## EXERCISE REQUIREMENTS
Of the entries below, return exactly those lines that fall between the one containing "Dámské hodinky Pierre" and the one containing "律师代理申诉制度有啥 律师代理申诉制度有啥", the two end lines included.

[Short descriptive text snippets]
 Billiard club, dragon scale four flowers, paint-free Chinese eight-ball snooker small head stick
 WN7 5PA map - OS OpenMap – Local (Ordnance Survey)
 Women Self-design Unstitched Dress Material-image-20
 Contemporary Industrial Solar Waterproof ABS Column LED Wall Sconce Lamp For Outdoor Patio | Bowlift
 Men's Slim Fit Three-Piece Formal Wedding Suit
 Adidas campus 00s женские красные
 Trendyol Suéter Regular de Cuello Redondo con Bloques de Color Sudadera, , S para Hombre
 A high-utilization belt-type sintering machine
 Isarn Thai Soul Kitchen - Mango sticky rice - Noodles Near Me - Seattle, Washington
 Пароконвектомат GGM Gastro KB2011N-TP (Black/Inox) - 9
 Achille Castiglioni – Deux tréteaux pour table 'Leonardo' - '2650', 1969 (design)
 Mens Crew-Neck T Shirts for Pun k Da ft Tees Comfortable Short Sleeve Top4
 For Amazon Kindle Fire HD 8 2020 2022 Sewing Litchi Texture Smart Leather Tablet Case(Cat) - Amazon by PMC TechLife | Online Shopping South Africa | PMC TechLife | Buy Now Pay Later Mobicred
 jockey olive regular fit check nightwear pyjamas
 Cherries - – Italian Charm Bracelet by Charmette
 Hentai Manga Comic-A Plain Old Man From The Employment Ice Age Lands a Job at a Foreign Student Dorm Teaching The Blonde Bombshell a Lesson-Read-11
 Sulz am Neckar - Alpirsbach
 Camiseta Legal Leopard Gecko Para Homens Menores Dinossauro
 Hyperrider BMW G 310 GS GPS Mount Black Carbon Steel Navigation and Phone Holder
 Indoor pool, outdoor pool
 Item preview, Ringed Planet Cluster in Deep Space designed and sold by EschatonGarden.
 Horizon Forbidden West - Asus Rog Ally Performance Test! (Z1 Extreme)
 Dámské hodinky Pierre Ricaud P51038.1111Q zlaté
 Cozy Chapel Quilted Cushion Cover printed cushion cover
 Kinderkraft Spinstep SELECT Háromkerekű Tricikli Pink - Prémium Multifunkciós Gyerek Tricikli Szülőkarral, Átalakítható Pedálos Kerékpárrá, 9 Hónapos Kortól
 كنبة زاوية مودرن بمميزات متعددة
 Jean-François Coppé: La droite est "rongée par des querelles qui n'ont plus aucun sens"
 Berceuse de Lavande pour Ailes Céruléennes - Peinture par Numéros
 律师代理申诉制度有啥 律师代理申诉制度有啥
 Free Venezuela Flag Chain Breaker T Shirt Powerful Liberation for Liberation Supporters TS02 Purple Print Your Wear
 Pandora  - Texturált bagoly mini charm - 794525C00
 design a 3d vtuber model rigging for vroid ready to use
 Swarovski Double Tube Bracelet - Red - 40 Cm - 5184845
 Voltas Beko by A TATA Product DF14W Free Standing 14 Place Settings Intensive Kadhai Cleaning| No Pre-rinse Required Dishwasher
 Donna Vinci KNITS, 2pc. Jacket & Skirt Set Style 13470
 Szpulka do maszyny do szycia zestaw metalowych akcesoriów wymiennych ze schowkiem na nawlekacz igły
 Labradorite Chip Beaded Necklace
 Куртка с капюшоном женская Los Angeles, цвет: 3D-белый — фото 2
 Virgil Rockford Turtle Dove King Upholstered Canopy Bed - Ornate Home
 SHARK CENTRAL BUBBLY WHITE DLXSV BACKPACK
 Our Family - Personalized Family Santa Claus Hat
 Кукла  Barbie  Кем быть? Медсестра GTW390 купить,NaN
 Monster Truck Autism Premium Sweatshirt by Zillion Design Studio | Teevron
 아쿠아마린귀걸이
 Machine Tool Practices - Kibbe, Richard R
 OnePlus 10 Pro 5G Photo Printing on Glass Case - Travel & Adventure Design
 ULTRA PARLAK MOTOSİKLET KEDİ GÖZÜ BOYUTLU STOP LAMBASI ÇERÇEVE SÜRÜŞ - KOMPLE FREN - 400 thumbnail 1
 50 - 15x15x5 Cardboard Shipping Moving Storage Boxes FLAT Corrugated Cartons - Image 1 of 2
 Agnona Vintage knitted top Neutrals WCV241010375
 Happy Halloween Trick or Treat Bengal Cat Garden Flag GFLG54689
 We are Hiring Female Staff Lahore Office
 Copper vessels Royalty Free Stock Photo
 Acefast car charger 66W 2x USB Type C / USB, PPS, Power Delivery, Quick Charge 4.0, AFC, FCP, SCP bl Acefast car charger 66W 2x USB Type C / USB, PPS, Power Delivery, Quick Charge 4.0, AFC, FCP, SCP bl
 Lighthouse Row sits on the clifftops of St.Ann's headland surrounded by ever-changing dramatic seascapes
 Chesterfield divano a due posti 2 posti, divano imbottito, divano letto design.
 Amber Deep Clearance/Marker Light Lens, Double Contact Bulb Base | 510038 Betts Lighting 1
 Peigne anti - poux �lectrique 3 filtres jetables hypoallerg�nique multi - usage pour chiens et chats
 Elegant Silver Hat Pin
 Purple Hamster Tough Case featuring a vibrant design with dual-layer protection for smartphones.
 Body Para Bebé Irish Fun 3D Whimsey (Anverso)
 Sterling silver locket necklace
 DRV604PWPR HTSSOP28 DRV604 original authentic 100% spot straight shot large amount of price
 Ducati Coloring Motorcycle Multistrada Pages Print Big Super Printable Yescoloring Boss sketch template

## ANSWER TO THE PROBLEM
 Dámské hodinky Pierre Ricaud P51038.1111Q zlaté
 Cozy Chapel Quilted Cushion Cover printed cushion cover
 Kinderkraft Spinstep SELECT Háromkerekű Tricikli Pink - Prémium Multifunkciós Gyerek Tricikli Szülőkarral, Átalakítható Pedálos Kerékpárrá, 9 Hónapos Kortól
 كنبة زاوية مودرن بمميزات متعددة
 Jean-François Coppé: La droite est "rongée par des querelles qui n'ont plus aucun sens"
 Berceuse de Lavande pour Ailes Céruléennes - Peinture par Numéros
 律师代理申诉制度有啥 律师代理申诉制度有啥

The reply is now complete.